Segment Open
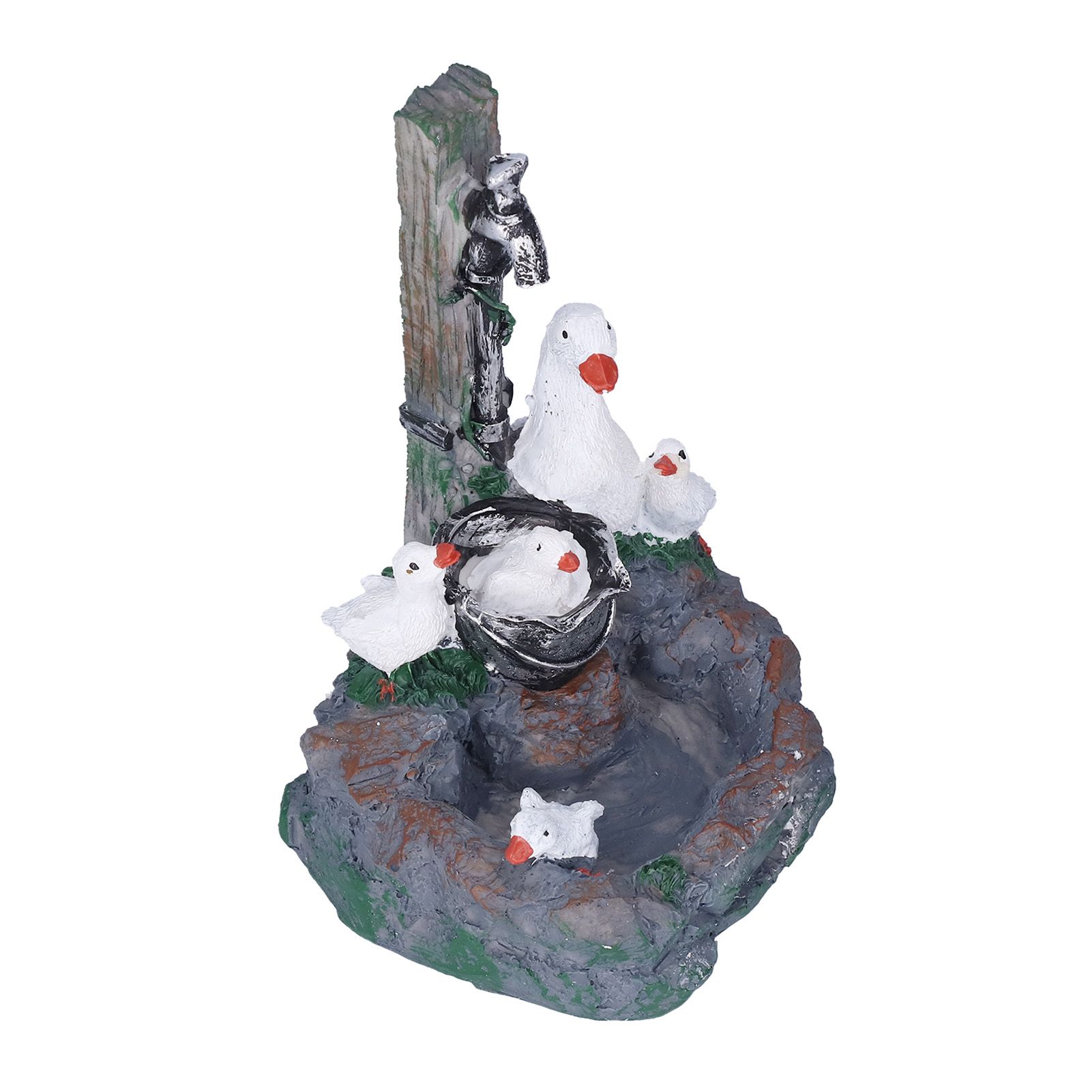 Garden Duck Family Statue Originality Resin Sculpture Ornament Decoration for Yard Patio Fountain Garden - Image 3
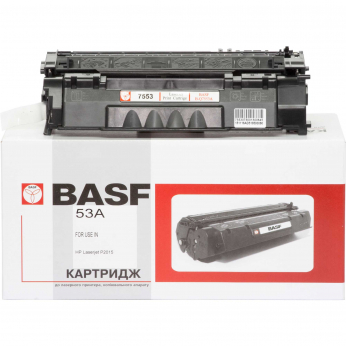 Картридж тон. BASF для HP LJ P2015/P2014/M2727 аналог Q7553A Black ( 3000 ст.) (BASF-KT-Q7553A)
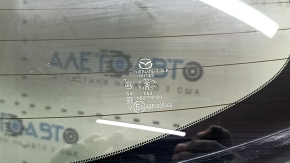 Дверь багажника голая со стеклом Mazda CX-5 17-25 электро, тонировка, синий 42M, потерто стекло, царапины на стекле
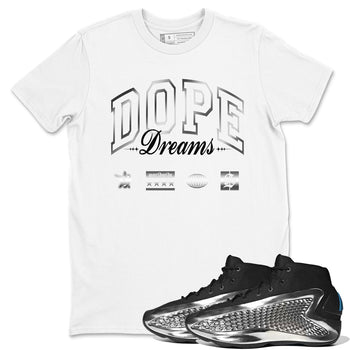 AE 1 Silver Metallic shirts to match jordans Dope Dreams graphic tees AE 1 Silver Metallic t shirts to match sneakers SNRT Sneaker Tees unisex cotton White 1 shirts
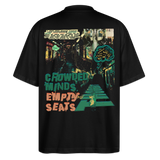 Gaian, U-Bahn, 1st | Blaster, Oversize Bio T-Shirt, Unisex - Schwarz
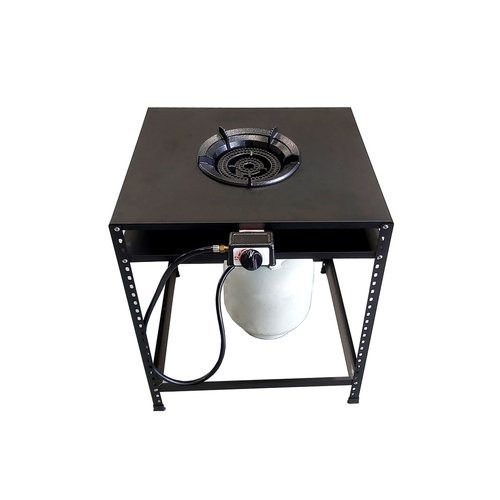Bundle Buy - Dual ring burner and steel table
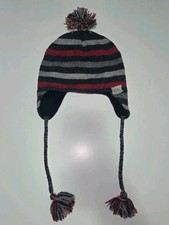 Columbia Womens Multicolored Beanie Ear Flaps Pom Pom One Size Outdoor Hat Ski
Segment Closed
TASK PROMPT: Set the pictures aside and retype exactly the lines above from the line with "Картридж тон. BASF" to the line with "Дверь багажника голая", both included, adding no others.

RESULT FOR THIS TASK:
 Картридж тон. BASF для HP LJ P2015/P2014/M2727 аналог Q7553A Black ( 3000 ст.) (BASF-KT-Q7553A)
 Дверь багажника голая со стеклом Mazda CX-5 17-25 электро, тонировка, синий 42M, потерто стекло, царапины на стекле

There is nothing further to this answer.